Delay, Delay, Delay
The lawless tweaking of Obamacare’s provisions continues.
Mar 17, 2014, Vol. 19, No. 26 • By JAY COST
Another week, another Obamacare delay, improvised by the administration. The latest is particularly laughable. It seems the administration miscalculated when it first decided to delay Obamacare’s mandated minimum coverage requirements for health insurance. According to the Hill: “A one-year moratorium pushed the deadline beyond the midterm election, but insurers must send out cancellation notices 90 days in advance. That would mean notices in the mail by October 1, five weeks before voters go to the polls.” So now Obama will extend the deadline even further, lest voters realize before pulling the lever that they’re about to lose health insurance plans the administration deems substandard.
Conservatives let out a collective chuckle over this news, but only to keep from sobbing.
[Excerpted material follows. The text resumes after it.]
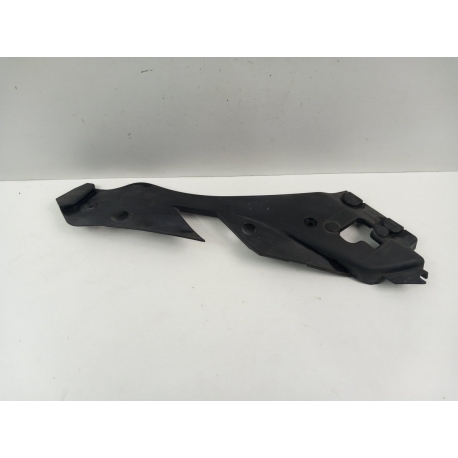 MERCEDES C KLASA W204 LISTWA POD LAMPE PRZÒD PRAWY A2048261424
After all, what does this say about the rule of law in the United States? Ours is supposed to be a system of checks and balances: The legislature drafts the laws; the executive implements them; the courts interpret them. How has the administration gotten away with assuming all three roles? This cannot be a sign of a well-functioning republic.
James Madison’s description in Federalist 51 sounds like a smoothly operating governmental machine. “Ambition must be made to counteract ambition,” was how he put it. The idea is that our government would be self-correcting. Any transgression by one branch would bring a rebuke from another, thus preserving a balance.
But the rule of law has regularly been sacrificed at the altar of presidential ambition. Madison himself was the architect of a foreign policy that saw executive encroachments that would raise an eyebrow even today. During the Jefferson administration, the government sought to restrain trade with Britain and France, and in so doing the president strong-armed state governments and sought to use the Navy as a domestic police force.
A generation later, the capricious Andrew Jackson would regularly mistake his political self-interest for the public good. Celebrated as a staunch nationalist for standing up to the South Carolina nullifiers, Jackson looked the other way when Georgia ignored the (federally guaranteed) treaty rights of Native Americans because it furthered a policy goal of his. Worse, he acted in a blatantly illegal fashion by removing Treasury deposits from the Second Bank of the United States and placing the money in banks controlled by his supporters.
Teddy Roosevelt has often been celebrated as a model for vigorous executive action, but as Bowdoin College’s Jean Yarbrough convincingly argues, TR promulgated a theory of executive power during the 1902 coal strike that basically put him above the law. During World War I, the Wilson administration all but ignored the First Amendment as it threw people in jail for opposing a war that was not terribly popular.
FDR would have a similar disregard for the law, at least when it came to the dispensing of federal work relief (read: patronage). FDR and Harry Hopkins deployed jobs and revenue from the Works Progress Administration to undermine the independence of local Democratic party officials. They destroyed Tammany Hall in New York, bankrolled pro-FDR machines in Chicago, Jersey City, and Pittsburgh, and encouraged their cronies to use the WPA to “purge” the Senate of conservative Democrats.
The regularity with which presidents step outside their constitutional limits suggests that the cause is ultimately structural. And indeed it is inherent in our system as it has evolved over the centuries. The Framers were most concerned about congressional encroachment upon the executive and judicial branches. This helps account for why Congress’s powers are enumerated as well as why there are two chambers of Congress.
The Framers did not anticipate the modern presidency. The democratization of the presidential office did more than anything to disrupt the original design, ironic considering that the efforts of Madison and Jefferson in the 1800 presidential contest began this transformation.
A democratic presidency has had two profound effects. First, it gave rise to the idea that the president is the tribune of the people, the sole representative of the public good, and therefore endowed with authority that is not necessarily laid out in the Constitution. Jackson, TR, and Wilson all contributed mightily to the development of this viewpoint, and from there it is but a hop, skip, and a jump to ignoring Congress, the courts, and the law itself. And because this argument implicitly flatters the voters, it’s harder for opponents to prevail in the court of public opinion.